ABOUT THE BOOK
Lowcountry Private Investigator Blu
Carraway needs a new client. He’s broke and the tax man is coming for
his little slice of paradise. But not everyone appreciates his skills.
Some call him a loose cannon. Others say he’s a liability. All the
ex-Desert Storm Ranger knows is his phone hasn’t rung in quite a while.
Of course, that could be because it was cut off due to delinquent
payments.
Lucky for him, a client does show up at
his doorstep—a distraught mother with a wayward son. She’s rich and her
boy’s in danger. Sounds like just the case for Blu. Except nothing about
the case is as it seems. The jigsaw pieces—a ransom note, a beat-up
minivan, dead strippers, and a missing briefcase filled with money and
cocaine—do not make a complete puzzle. The first real case for Blu
Carraway Investigations in three years goes off the rails.
And that’s the way he prefers it to be.
GUEST POST BY DAVID BURNSWORTH'S BLU CARRAWAY
Blu Carraway, Charleston County, South Carolina
Running a business isn’t easy. Especially in these litigious days. A successful business means there’s extra fundage to cover mistakes. One that struggles has a harder time. Everything you do has to pay off because you don’t have anything to gamble with.
Private Investigation, in my experience, is the cliché “feast or famine.” I was in a huge drought when my author picked up the story for In It For the Money. One could make an inference from the title that I was definitely in it for the money. I needed cash. It had been three years since I had any kind of job that paid anything real.
It wasn’t always this way. It’s called feast or famine for a reason. In the feast times, the business had a downtown Charleston office and two surveillance vehicles. My business partner, Mick Crome, and I had more work than we could do. I had to subcontract some of it out.
I was at a real low point at the beginning of the first book about me. My downtown office was gone. So were my extra cars. I was down to a desk in my living room with a phone that had been disconnected and I didn’t even know it. Talk about a sorry state for an operative.
My favorite jobs aren’t even investigations. They’re private security. Anticipating when and where someone could attack is what I like best. But, I’ll take most any respectable work these days. It’s better to keep the lights on by earning money as a private investigator than working day labor. Ask me how I know.
Reputation only goes so far, especially for one like mine. Don’t get me wrong, I’m not the town leper. It’s just that not everyone needs the work I’m known for. I already talked about private security. But it’s more than that. Once, I took a job pro bono to help a woman get out of an abusive marriage. He’s no longer with us and she’s now my best source at the DMV.

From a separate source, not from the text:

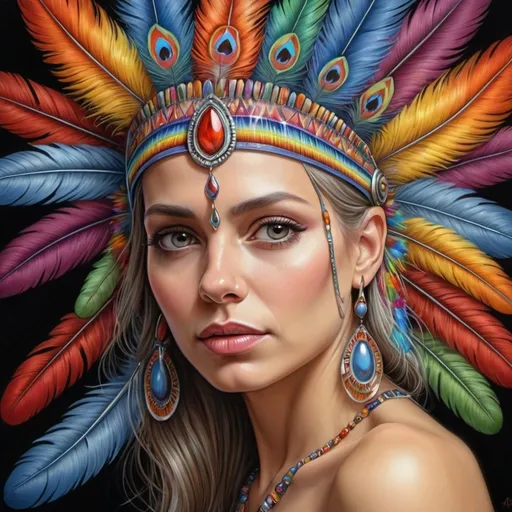 Prompt: a woman with a colorful headdress and feathers on her head is shown in this painting of a woman with a colorful headdress, Alex Grey, fantasy art, highly detailed digital painting, a photorealistic painting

My business partner left town with half the money from the last big job we did three years ago. I don’t blame him. He’s not one of those that’s good at responsibility. I’ve got a daughter and a small island with some scraggly horses to take care of. So, yes, I’m IN IT FOR THE MONEY.
ABOUT THE AUTHOR
David Burnsworth became fascinated with the Deep South at a young age. After a degree in Mechanical Engineering from the University of Tennessee and fifteen years in the corporate world, he made the decision to write a novel. He is the author of both the Brack Pelton and the Blu Carraway Mystery Series. Having lived in Charleston on Sullivan’s Island for five years, the setting was a foregone conclusion. He and his wife call South Carolina home.